Marx's fundamental insight into the transient character of society's
arrangements has been pretty well demonstrated by recent events and the shifting
contours of European history. In many respects what he saw was the co-existence
of powerful destructive forces with powerful constructive forces within the
capitalist system. But one must remember that he's a 19th-century thinker who,
along with other important thinkers - Adam Smith among them - provided important
signposts on understanding our society. They're of limited use in the capacity
to find your own way in the world, and younger generations must rethink problems
for themselves. The danger is that people such as Marx provide answers to the
questions that we're all asking, but we shouldn't begin with the answers: we
must begin with the right questions.

Mick Hume: The Times's libertarian Marxist columnist, launched and edited Living
Marxism magazine 20 years ago

Marx was right to identify and analyse the tendency towards crises within
capitalism, but he did not predict the system's “inevitable” collapse. Today too
many people who have never read or understood Marx are trying to turn him into
an anti-capitalist Nostradamus who supposedly predicted it all, a soothsayer
rather than revolutionary social scientist. Marx always emphasised that the
resolution of a crisis would ultimately depend on political factors: that man
makes his own history, although not in circumstances of his own choosing. It is
still the case that there is no alternative, no political contestation about the
future of society. Instead, whether from rightwing Republicans in the US or
Labour [in the UK], we just have state-run managerial politics aiming to
preserve as much of the status quo as possible. The rest of us are reduced to
passive spectators rather than active political agents. Marx would not be
laughing in his grave or dancing on anybody else's as some suggest. If anything
I think he'd a be a bit depressed about missed opportunities. And anybody who
takes pleasure in human misery is an idiot.
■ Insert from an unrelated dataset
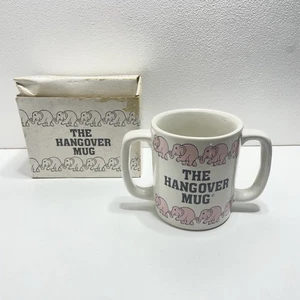 Vintage The Hangover Kaffeebecher Doppelhenkel rosa Elefant Doppelhenkel 1983 - Bild 1 von 15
John McDonnell: MP for Hayes and Harlington

Das Kapital and Wages, Prices and Profit should be issued to all government
ministers as the definitive guides to the causes of capitalism in crisis; they
will give them an understanding of the inherent exploitative nature and
instability of an economic system that is putting thousands of people on the
dole queue each month and making many homeless. I'd suggest that they then read
Robert Owen's work on co-operatives, Antonio Gramsci's prison writings on
winning the battle of ideas, Ernest Mandel's Late Capitalism and Ralph
Miliband's Socialism for a Sceptical Age.

Claire Fox: Director of the Institute of Ideas

I'm worried about this gleeful pseudo-Marxist critique of the system; there's a
vulgarisation of Marxism going on. It isn't some kind of religion in which you
have divine retribution, with bankers now on the receiving end. People seem to
be refusing to acknowledge that this means a period of enforced austerity for
ordinary people. Owning your house is not a sign of psychological flaw; it could
be deemed aspirational. Marx's most profound statement was about the role of
human agency in change. Society can't change unless you have a clear idea of
politics and ideas, and that requires people to see themselves as
history-makers, to be actively participating, not to be in a period of political
disengagement. So the new interest confirms a passivity in a way, and the idea
of dinner-party Schadenfreude is really sick.